▶ [What you should do] From the line that contains "Excel ISERR Function" through the line that contains "Black outline icon", output every line of the listing below exactly and leave out all the rest.

▶ [Raw data]
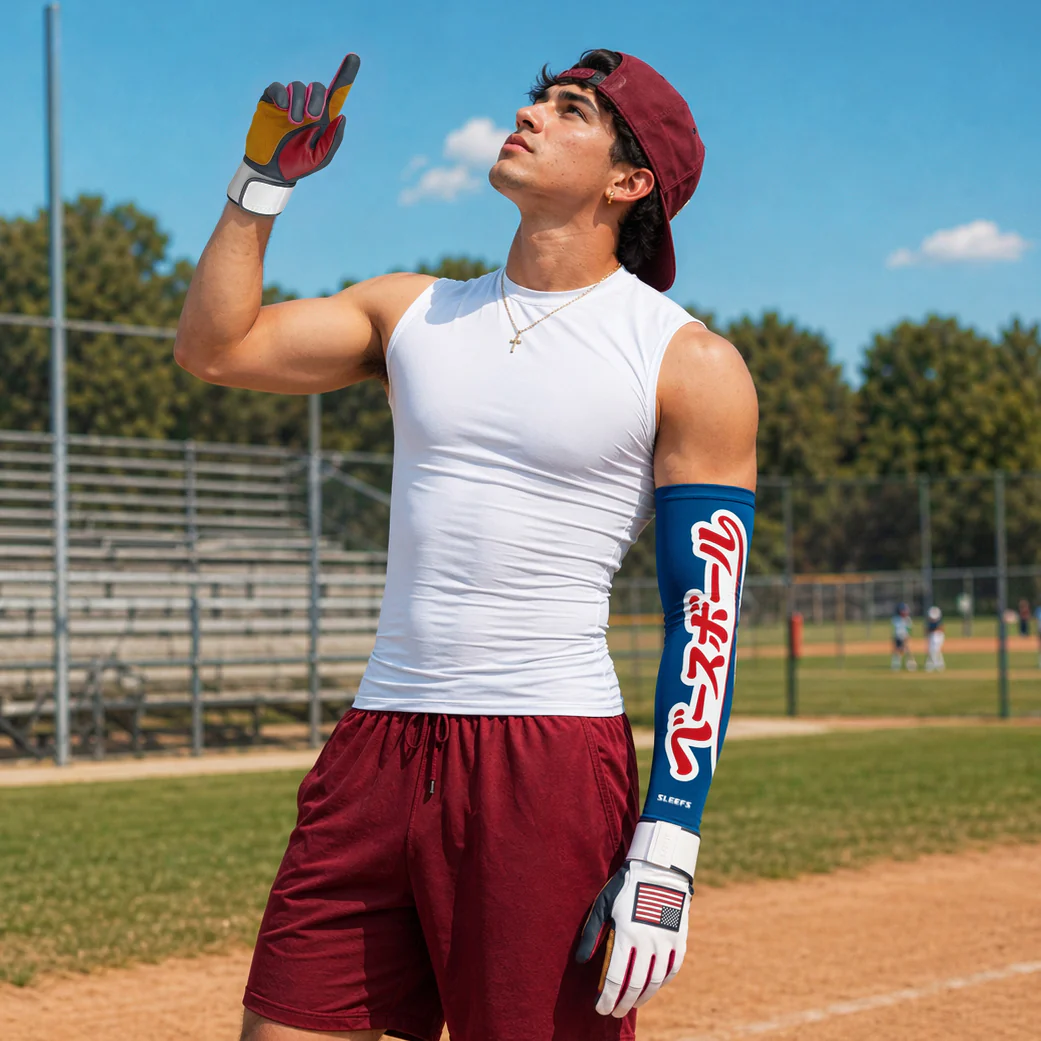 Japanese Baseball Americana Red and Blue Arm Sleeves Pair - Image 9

==

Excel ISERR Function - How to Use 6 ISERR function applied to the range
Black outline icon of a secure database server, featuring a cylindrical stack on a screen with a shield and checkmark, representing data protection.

▶ [Result of the task]
Excel ISERR Function - How to Use 6 ISERR function applied to the range
Black outline icon of a secure database server, featuring a cylindrical stack on a screen with a shield and checkmark, representing data protection.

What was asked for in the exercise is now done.